◆ **THE TASK**: Copy exactly the lines of the records below, and only those lines, beginning with the line that contains "2012 Honda Odyssey" and ending with the line that contains "Read Gachiakuta id Manga Online".

◆ **DATA LISTING**:
━━━━━━━━━━━━━━━━━━━━

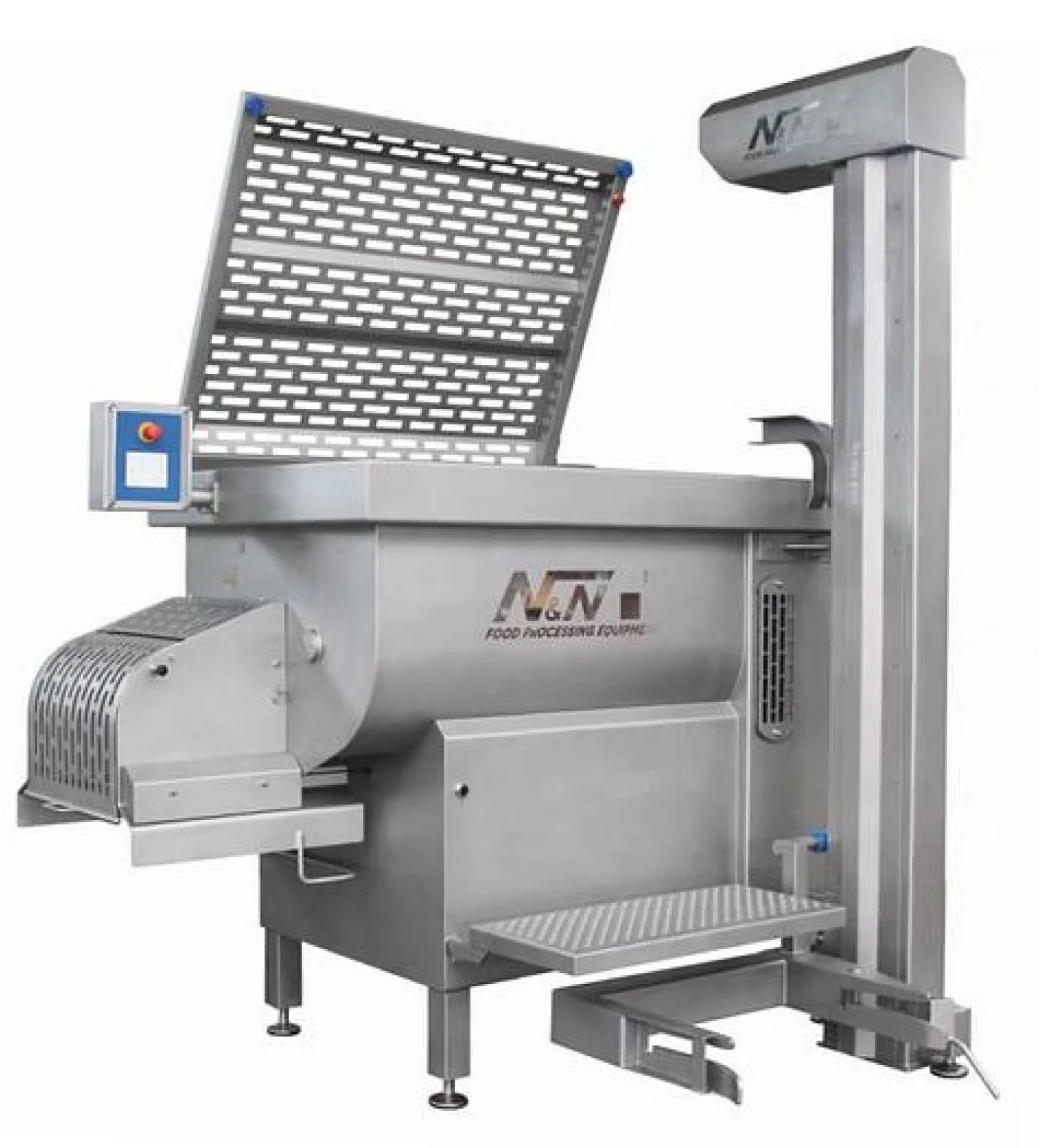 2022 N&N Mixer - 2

━━━━━━━━━━━━━━━━━━━━

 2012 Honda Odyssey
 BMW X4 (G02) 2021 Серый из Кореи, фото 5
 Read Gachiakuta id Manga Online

━━━━━━━━━━━━━━━━━━━━

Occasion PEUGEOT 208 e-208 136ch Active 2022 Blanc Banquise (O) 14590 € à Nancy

━━━━━━━━━━━━━━━━━━━━

◆ **EXPECTED OUTPUT**:
 2012 Honda Odyssey
 BMW X4 (G02) 2021 Серый из Кореи, фото 5
 Read Gachiakuta id Manga Online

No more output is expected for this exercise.